» WHAT YOU SHOULD DO: Start at the top and transcribe every record through the final line exactly.
== Segment start ==
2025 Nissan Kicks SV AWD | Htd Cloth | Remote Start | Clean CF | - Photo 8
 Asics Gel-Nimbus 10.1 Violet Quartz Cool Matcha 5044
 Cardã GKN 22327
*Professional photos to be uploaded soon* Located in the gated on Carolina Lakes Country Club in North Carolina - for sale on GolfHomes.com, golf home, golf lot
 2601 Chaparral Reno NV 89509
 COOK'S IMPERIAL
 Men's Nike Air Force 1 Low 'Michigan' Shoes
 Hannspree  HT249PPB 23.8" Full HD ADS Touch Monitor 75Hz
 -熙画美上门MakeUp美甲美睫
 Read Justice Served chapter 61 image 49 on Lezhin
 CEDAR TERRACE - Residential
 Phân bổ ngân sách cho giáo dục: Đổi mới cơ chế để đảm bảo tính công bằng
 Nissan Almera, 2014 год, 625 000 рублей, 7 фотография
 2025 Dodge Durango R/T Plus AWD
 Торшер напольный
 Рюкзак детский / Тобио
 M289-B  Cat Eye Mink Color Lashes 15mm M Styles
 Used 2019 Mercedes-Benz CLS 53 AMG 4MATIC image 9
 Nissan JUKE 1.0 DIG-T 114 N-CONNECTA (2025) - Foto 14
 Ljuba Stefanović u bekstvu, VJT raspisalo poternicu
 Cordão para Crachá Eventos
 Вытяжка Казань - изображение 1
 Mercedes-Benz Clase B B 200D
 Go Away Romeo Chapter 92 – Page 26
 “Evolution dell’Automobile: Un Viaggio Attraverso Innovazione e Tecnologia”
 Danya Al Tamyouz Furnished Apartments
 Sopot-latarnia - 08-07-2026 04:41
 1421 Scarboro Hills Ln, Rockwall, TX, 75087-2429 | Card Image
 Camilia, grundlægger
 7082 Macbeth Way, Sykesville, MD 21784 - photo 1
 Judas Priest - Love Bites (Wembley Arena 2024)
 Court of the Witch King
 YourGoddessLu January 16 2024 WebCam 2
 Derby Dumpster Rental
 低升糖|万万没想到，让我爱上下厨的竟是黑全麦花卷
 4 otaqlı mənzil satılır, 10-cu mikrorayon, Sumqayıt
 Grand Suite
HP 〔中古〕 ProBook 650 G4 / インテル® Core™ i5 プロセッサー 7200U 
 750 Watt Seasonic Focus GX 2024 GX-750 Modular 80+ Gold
== Segment end ==
» SOLUTION TO THE PROBLEM:
2025 Nissan Kicks SV AWD | Htd Cloth | Remote Start | Clean CF | - Photo 8
 Asics Gel-Nimbus 10.1 Violet Quartz Cool Matcha 5044
 Cardã GKN 22327
*Professional photos to be uploaded soon* Located in the gated on Carolina Lakes Country Club in North Carolina - for sale on GolfHomes.com, golf home, golf lot
 2601 Chaparral Reno NV 89509
 COOK'S IMPERIAL
 Men's Nike Air Force 1 Low 'Michigan' Shoes
 Hannspree  HT249PPB 23.8" Full HD ADS Touch Monitor 75Hz
 -熙画美上门MakeUp美甲美睫
 Read Justice Served chapter 61 image 49 on Lezhin
 CEDAR TERRACE - Residential
 Phân bổ ngân sách cho giáo dục: Đổi mới cơ chế để đảm bảo tính công bằng
 Nissan Almera, 2014 год, 625 000 рублей, 7 фотография
 2025 Dodge Durango R/T Plus AWD
 Торшер напольный
 Рюкзак детский / Тобио
 M289-B  Cat Eye Mink Color Lashes 15mm M Styles
 Used 2019 Mercedes-Benz CLS 53 AMG 4MATIC image 9
 Nissan JUKE 1.0 DIG-T 114 N-CONNECTA (2025) - Foto 14
 Ljuba Stefanović u bekstvu, VJT raspisalo poternicu
 Cordão para Crachá Eventos
 Вытяжка Казань - изображение 1
 Mercedes-Benz Clase B B 200D
 Go Away Romeo Chapter 92 – Page 26
 “Evolution dell’Automobile: Un Viaggio Attraverso Innovazione e Tecnologia”
 Danya Al Tamyouz Furnished Apartments
 Sopot-latarnia - 08-07-2026 04:41
 1421 Scarboro Hills Ln, Rockwall, TX, 75087-2429 | Card Image
 Camilia, grundlægger
 7082 Macbeth Way, Sykesville, MD 21784 - photo 1
 Judas Priest - Love Bites (Wembley Arena 2024)
 Court of the Witch King
 YourGoddessLu January 16 2024 WebCam 2
 Derby Dumpster Rental
 低升糖|万万没想到，让我爱上下厨的竟是黑全麦花卷
 4 otaqlı mənzil satılır, 10-cu mikrorayon, Sumqayıt
 Grand Suite
HP 〔中古〕 ProBook 650 G4 / インテル® Core™ i5 プロセッサー 7200U 
 750 Watt Seasonic Focus GX 2024 GX-750 Modular 80+ Gold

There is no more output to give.